Parcheggio in via Rindi, scontro aperto

Proteste da Diritti in Comune per la nuova area di sosta davanti alle Mazzini. Nerini e Marchetti, "Intervento necessario per sicurezza e decoro"

Il progetto per un nuovo parcheggio a raso da circa 120 posti in via Rindi, di fronte alle scuole Mazzini, infiamma il dibattito politico cittadino.

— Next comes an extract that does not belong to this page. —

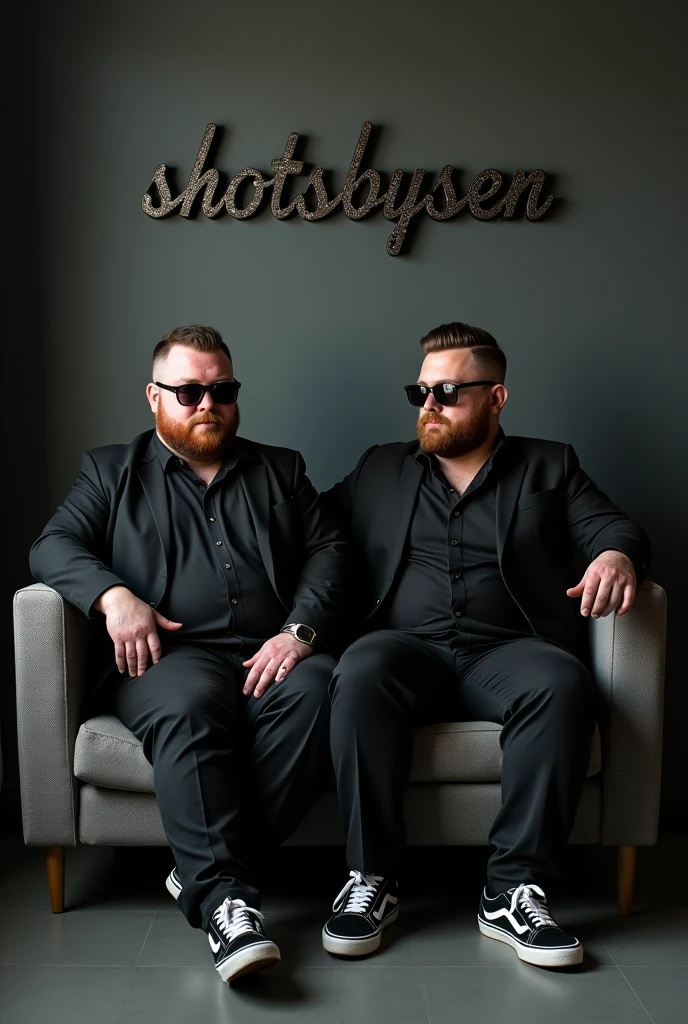 A (2 boy, chubby body habityus , beard, classic taper hair, sunglasses black, writing a black formal shirt and black blazer is sitting on a sofa with one leg up a pair of black and write lace sneakers sitting on a small gray color single sofa dark wall behind light white light shadow coming name written on the wall with capital letters slightly curved 3D text ."SHOTSBYSEN"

Da una parte Diritti in Comune denuncia “la cementificazione di un'area verde” con una spesa di oltre mezzo milione di euro, dall’altra Fratelli d’Italia rivendica l’intervento come “strategico per la sicurezza e la vivibilità del quartiere”.

Il tema è stato discusso in Prima Commissione Consiliare, dove è emerso che, oltre all’area principale davanti alle scuole, si pensa di trasformare in parcheggi anche due lotti adiacenti, per i quali sarebbero necessari circa 200mila euro in espropri. “Si incentiva l’uso dell’auto privata, si sottrae spazio verde, si ignora la necessità di una vera transizione sostenibile” ha scritto Giulia Contini per Diritti in Comune. “Addirittura si prevede una piccola area giochi tra le auto. È assurdo pensare a bambini in altalena tra le macchine”.

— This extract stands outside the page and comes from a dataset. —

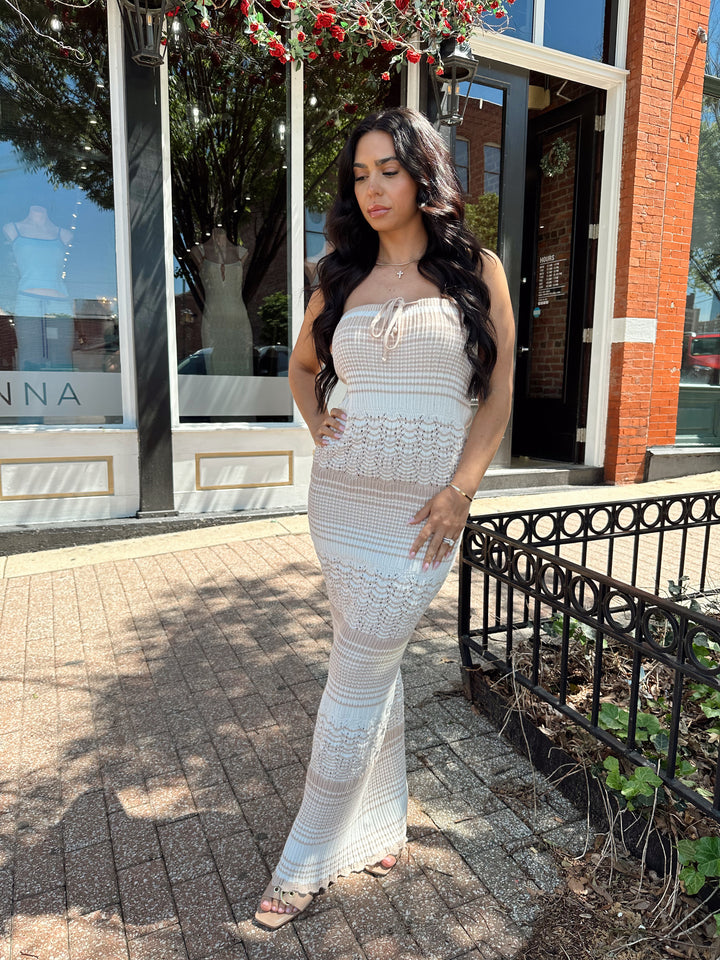 Woman wearing tan and white crochet striped maxi dress with tie neckline detail.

Di tutt’altro avviso i componenti della commissione, in Fratelli d’Italia, i consiglieri Maurizio Nerini e Raffaella Marchetti, “In un luogo incolto da sempre, al centro di un polo scolastico complesso, realizziamo un parcheggio a raso con superfici drenanti e nuove alberature. Si combatterà il degrado, migliorando la qualità dello spazio pubblico e della vita”. E hanno aggiunto: “Oggi facciamo chiarezza contro le fake news. Non si tratta di un multipiano, come diffuso con rendering inventati e terrorismo social”.

Il progetto, inserito nel piano delle opere pubbliche, ha un finanziamento già stanziato di circa 434mila euro. "La priorità – hanno concluso Nerini e Marchetti – resta la sicurezza dei bambini e delle famiglie vicino alle scuole".